Data for analysis ->
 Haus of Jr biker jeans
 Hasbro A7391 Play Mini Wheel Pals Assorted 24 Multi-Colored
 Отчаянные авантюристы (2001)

* * *

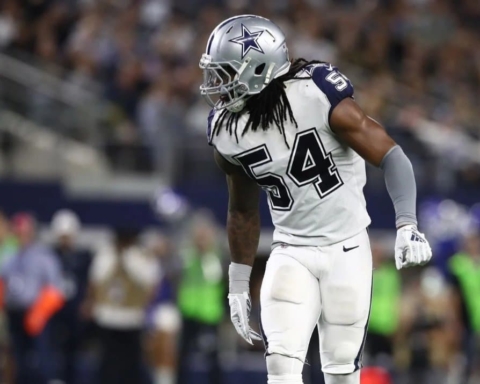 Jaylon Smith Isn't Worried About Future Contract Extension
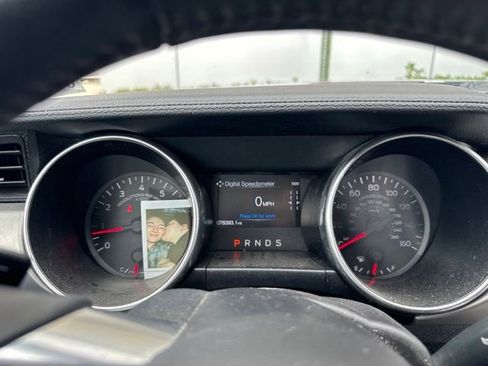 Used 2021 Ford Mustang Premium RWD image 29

Work required ->
Repeat the entries above verbatim, but only from the line that has "Hasbro A7391 Play" down to the line that has "Отчаянные авантюристы (2001)", inclusive.

Answer box ->
 Hasbro A7391 Play Mini Wheel Pals Assorted 24 Multi-Colored
 Отчаянные авантюристы (2001)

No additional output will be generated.